PROBLEM STATEMENT: From the entries below, retype only the lines from the one with "Campo Marzio Boutique" through the one with "Pilietinių teisių judėjimas", exactly as written.

DATASET:
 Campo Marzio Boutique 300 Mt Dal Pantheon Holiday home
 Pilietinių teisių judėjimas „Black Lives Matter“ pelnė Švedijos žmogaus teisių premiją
* * *
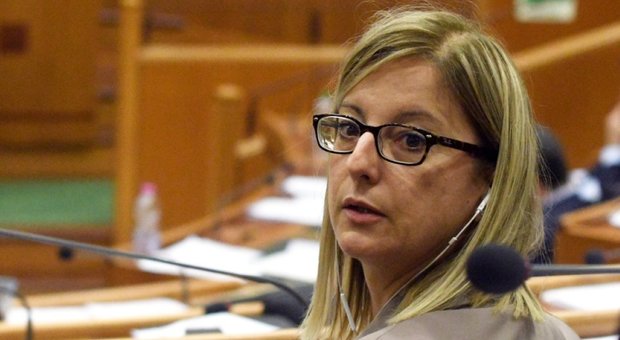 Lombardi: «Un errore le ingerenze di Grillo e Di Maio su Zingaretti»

COMPLETED EXERCISE:
 Campo Marzio Boutique 300 Mt Dal Pantheon Holiday home
 Pilietinių teisių judėjimas „Black Lives Matter“ pelnė Švedijos žmogaus teisių premiją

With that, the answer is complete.